A traditional media streaming communications protocol (e.g., HTTP Live Streaming) starts playback at a bit rate this is considered sustainable. During the playback, the traditional media streaming communications protocol ratchets up or down the bit rate according to the channel capacity. For example, if a higher bit rate can be sustained then the higher bit rate is used. If the current bit rate results in packet loss then a different selection of bit rate encoded content at a lower peak bit rate is chosen. Usually the same codec at different bit rates are used and the selection of different streaming formats is not affected by capability parameters of the video playing device. One embodiment of the present disclosure straddles the traditional media streaming communications protocol, with more different input parameters coming from the video playing device in selecting from different alternate streaming formats. For example, a user may receive a steaming format that has better video quality because he/she has a better video playing device, which does not happen if a traditional media streaming communications protocol (e.g., HTTP Live Streaming) is used. This provides an incentive for the whole market to migrate to better picture quality.
The content producer 105 produces video content by capturing video and stores the video in a specific video format. Once a video is captured, it is put on the content server 110 for distribution. The content server 110 is a content transmission device that stores media content and receives requests from other devices for the media content. Once a request is received and processed, the content server 110 converts the requested media content into a bit stream and sends it to the requesting party, e.g., the receiving device 120. The content server 110 transmits data to another device through a connection between the two devices over the network 115. In one embodiment, the network 115 is a packet switched network such as the Internet. Some examples of a content server 110 include an electronic device such as a server, a desktop, a laptop, a netbook, a tablet computer, a smartphone, etc. that is capable of sending and receiving data to and from another device. In some cases, one or more devices provide the requested media content. The content server 110 could also be part of a content delivery network (CDN). A CDN is a system of computers containing copies of data placed at various nodes of a network.

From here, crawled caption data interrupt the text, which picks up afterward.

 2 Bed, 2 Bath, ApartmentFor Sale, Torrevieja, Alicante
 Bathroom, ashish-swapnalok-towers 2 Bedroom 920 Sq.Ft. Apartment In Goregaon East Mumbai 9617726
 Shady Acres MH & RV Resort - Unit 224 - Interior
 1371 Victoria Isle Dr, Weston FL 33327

The receiving devices 120 are user devices that receive video stream from the content server 110 and play back the received video to the user. The content server 110 and a receiving device 120 establish a connection over the network 115 and start a communication session by exchanging data. By its own initiative (i.e., based on user inputs), the receiving device 120 requests a piece of media content from the content server 110. After receiving the request, the content server 110 generates the bit stream enclosing the requested piece of media content and sends the bit stream to the receiving device 120 over the network 115.
When the video is sports programming, the whole shape of the diagram is completely different.
Therefore, a content subscriber would prefer a brighter picture for a sports video, and would definitely need a higher frame rate that he would not need for movies. However, every user device has its limitation regarding the highest quality of video it can display. Therefore, one embodiment of the invention is for the user device to tell the content server what kind of frame rate it can handle, how much dynamic range it can reproduce, how much color space it has, and so on. The content server adjusts the video format based on the parameters it received from the user device and based on the type of video content. In one embodiment, there is a back channel for transmitting the video quality parameters from the user device to the content server. The back channel is a low bit rate connection that sends metadata about the video quality that the user device can handle to the content server so that the content server can send the user device the best quality video that the user device can accept.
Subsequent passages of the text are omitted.